American Jews should protest AIPAC, not Trump

AIPAC has never cared about Israel’s disregard for civil and human rights. So why should it care about Trump’s?

Republican presidential candidate Donald Trump at a campaign event in Las Vegas. (Photo by Joseph Sohm /
Republican presidential candidate Donald Trump at a campaign event in Las Vegas. (Photo by Joseph Sohm /

Republican Presidential hopeful Donald Trump has been making headlines for weeks as he wins primary after primary across the U.S.

But over the past few days he has also been making headlines in the Jewish-American press for a different reason: the mounting opposition to his scheduled address to AIPAC’s annual conference this Monday. (Hilary Clinton and Joe Biden will also be speaking there, Cruz and Kasich have also reportedly confirmed their presence and Bernie Sanders was invited, but it is unclear whether he will attend.)

Two East Coast rabbis created an ad hoc group, Come Together Against Hate, that is organizing a silent walkout of Trump’s speech. Another group calling itself Jews Against Trump has launched an online petition calling on AIPAC to rescind its invitation, according to a report in Think Progress.

The Reform Movement, meanwhile, has criticized Trump for his “hate speech” and implied in a press release that it would oppose his presence at AIPAC, but did not make clear how.

On its Facebook page, “Come Together Against Hate,” which at the time of writing had nearly 1,000 members, states: “We support AIPAC and the importance of continuing to build a strong U.S.-Israel partnership and we denounce hatred.” The group goes on to state: “We are committed to saying that Donald Trump does not speak for us or represent us, and his values are not AIPAC’s values.”

On the site JewSchool, Sarah Brummer-Shlay writes: “By allowing Donald Trump to speak at a major Jewish event, we have turned our backs on marginalized communities. It is that simple. We are not neutral, we are complicit.”

What all these groups and individuals rallying together against Trump have in common is the visceral confidence that Republican frontrunner defies their Jewish values and does not represent the larger American Jewish community. That his incendiary speech and anti-immigrant rhetoric is a red line. That even if he is currently the Republican presidential favorite, he doesn’t deserve a podium at an American Jewish event, much less the largest and most high profile one in the community.

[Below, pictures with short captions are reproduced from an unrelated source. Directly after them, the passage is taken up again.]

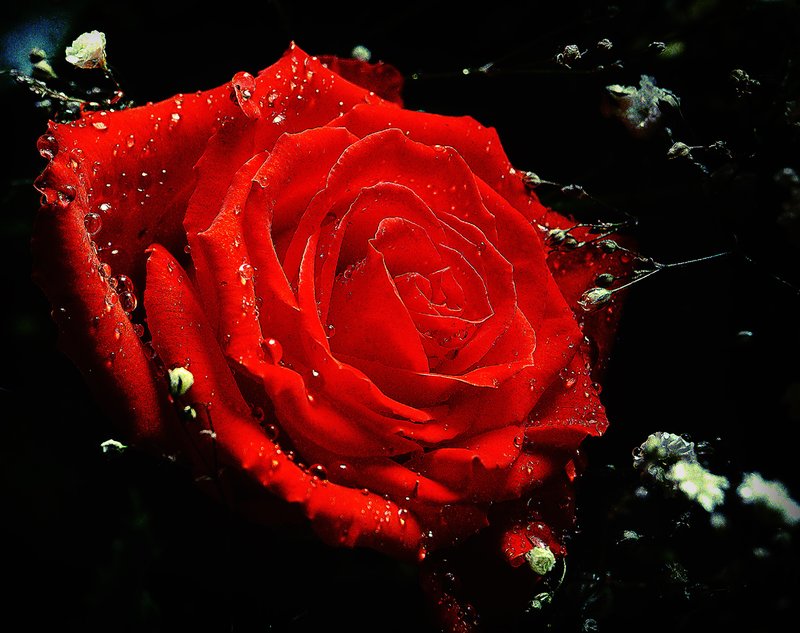 rose 11.jpg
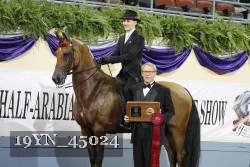 19YN_45024 thumbnail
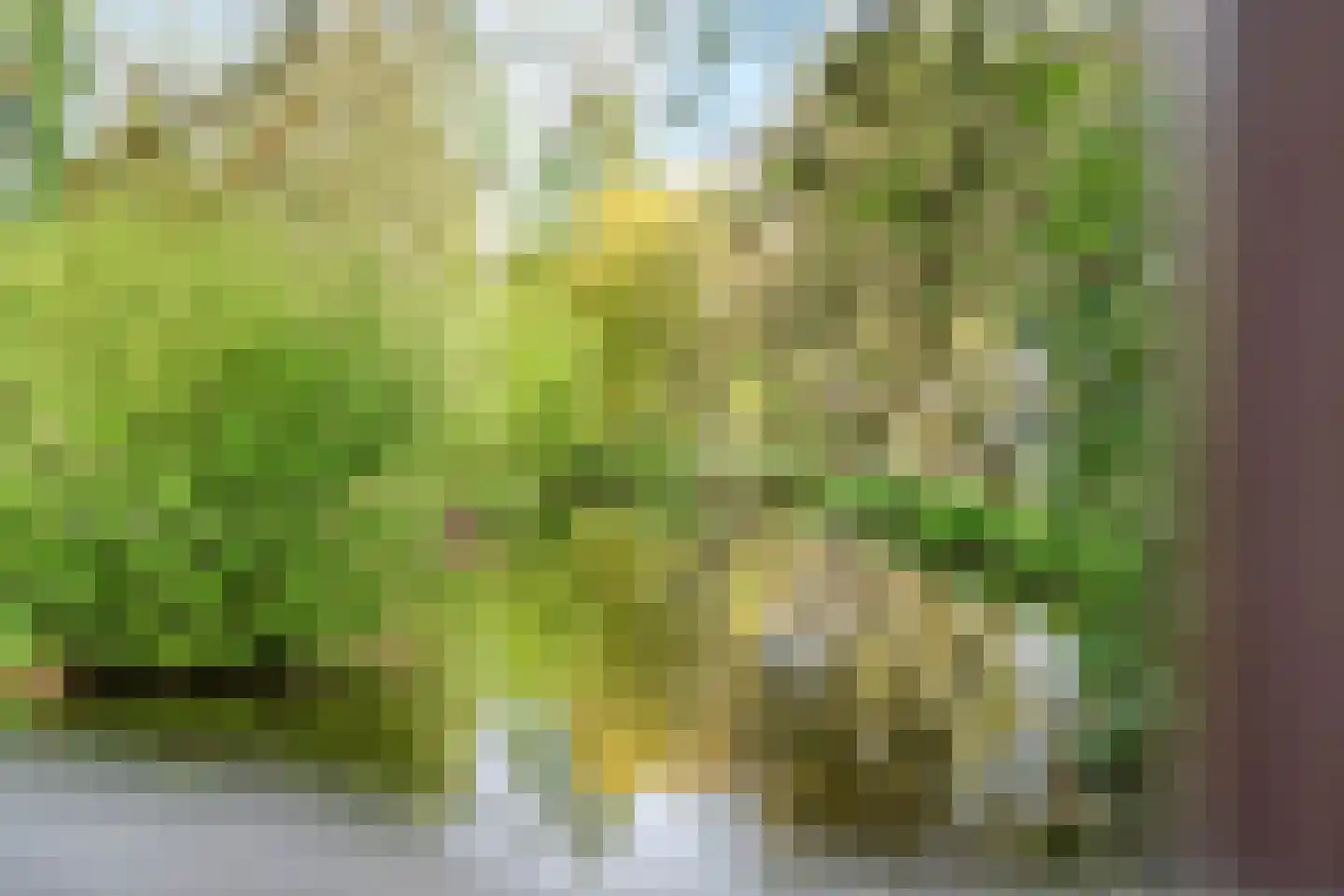 Valkenhoeve 7 Leusden thumbnail 35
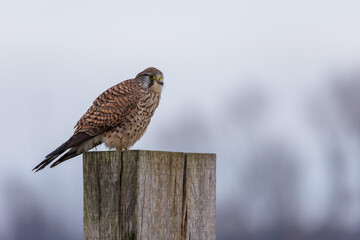 A kestrel sitting on a post in its natural environment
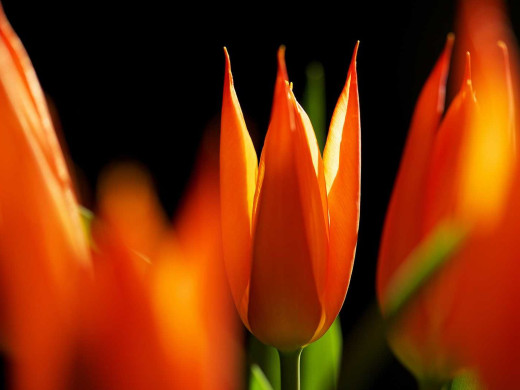 429851 (a): :1600x1200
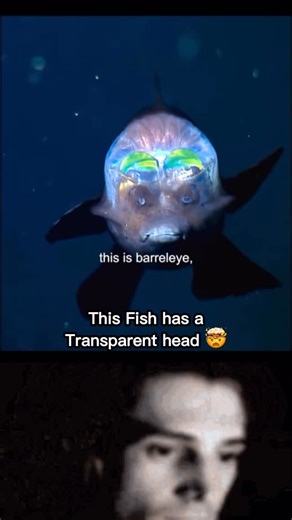 Beyond the stars on Instagram: "This Fish has a Transparent head #shorts Meet the Barreleye Fish — one of the most bizarre and fascinating creatures of the deep sea. Found at depths of up to 2,600 feet (800 meters), this fish has a completely transparent head, revealing its tubular eyes that point upwards through the dome-like head to detect prey in the pitch-black ocean. Despite its small size (about 6 inches), its alien-like appearance has stunned scientists since its discovery. Its see-throug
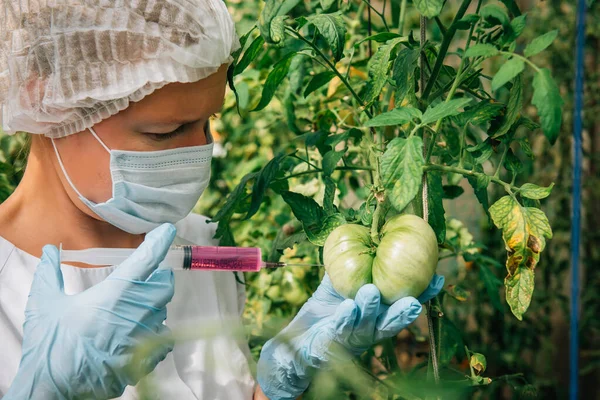 Female scientist in mask and gloves injects chemicals into tomatoes hanging from branches in a greenhouse, close up. Genetically modified vegetables concept. GMO and pesticide modification.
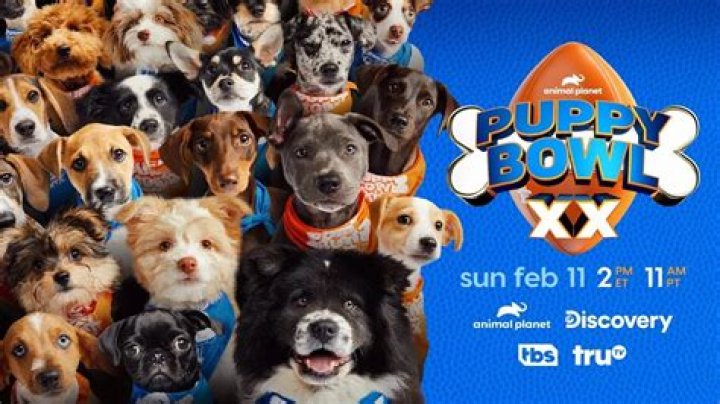The 2024 Puppy Bowl winner is Team Ruff, did they play fair?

But what exactly are AIPAC’s values? Its mission statement is devoid of values. It does not talk about equal rights or freedoms. Rather, it is “to strengthen, protect and promote the U.S.-Israel relationship in ways that enhance the security of the United States and Israel.”

Anyone familiar with the Israel lobby’s policies and conduct over the last few decades knows that it long ago turned its back on marginalized communities by continuing to embolden a state that systematically denies rights to millions of people under its control.

AIPAC’s active fortification of Israel’s near 50-year occupation is the single most obvious reason why it doesn’t represent most American Jews’ stated values. If we look at other major issues that divide Israel and U.S. Jews in recent years, AIPAC has continuously gone against the general zeitgeist of American Jewish society.

While most American Jews polled supported the Iran deal, AIPAC waged an aggressive, well-funded mass lobbying and public relations campaign against it. It went full throttle with the Netanyahu doctrine, disregarding American Jewish public opinion, not to mention the interests of American national security.

On the issue of the establishment of a viable Palestinian state alongside Israel, AIPAC has continuously lobbied against. When the Palestinians announced they would petition the UN for statehood in 2011, AIPAC helped persuade 446 members of Congress to co-sponsor resolutions opposing the idea.

When mounting civilian casualties led many progressive American Jews to question Israel’s deadly war on Gaza in 2014, AIPAC doubled down with its unquestioning support and lobbying for the war.

So knowing AIPAC’s declared mission and record, knowing that it has consistently guaranteed that Israel has carte blanche to continue doing as it pleases militarily, regardless of the rationale or the outcome, and its continued enabling of the denial of basic civil and human rights to millions of Palestinians, Trump’s appearance isn’t really that shocking or anomalous.

It is not Trump who doesn’t represent American Jewish values. First and foremost, that role is filled by AIPAC. American Jews should not be surprised or dismayed by the organization’s invitation to Trump, not just because it is customary policy to host leading presidential candidates. American Jews should be dismayed by the fact that AIPAC isn’t an organization about values — certainly not their values.

AIPAC is an organization whose sole purpose is to ensure Israel has the political and financial wherewithal to maintain its position as the supreme military power in the Middle East — no matter what. It has never cared about Israel’s disregard for human and civil rights. So why should it care about Trump’s?

The protests and organizers shouldn’t focus on Trump, but rather on AIPAC itself. For these American Jews, AIPAC has never represented their values anyway, so the heat should be on the lobby, not on the candidate with the big mouth.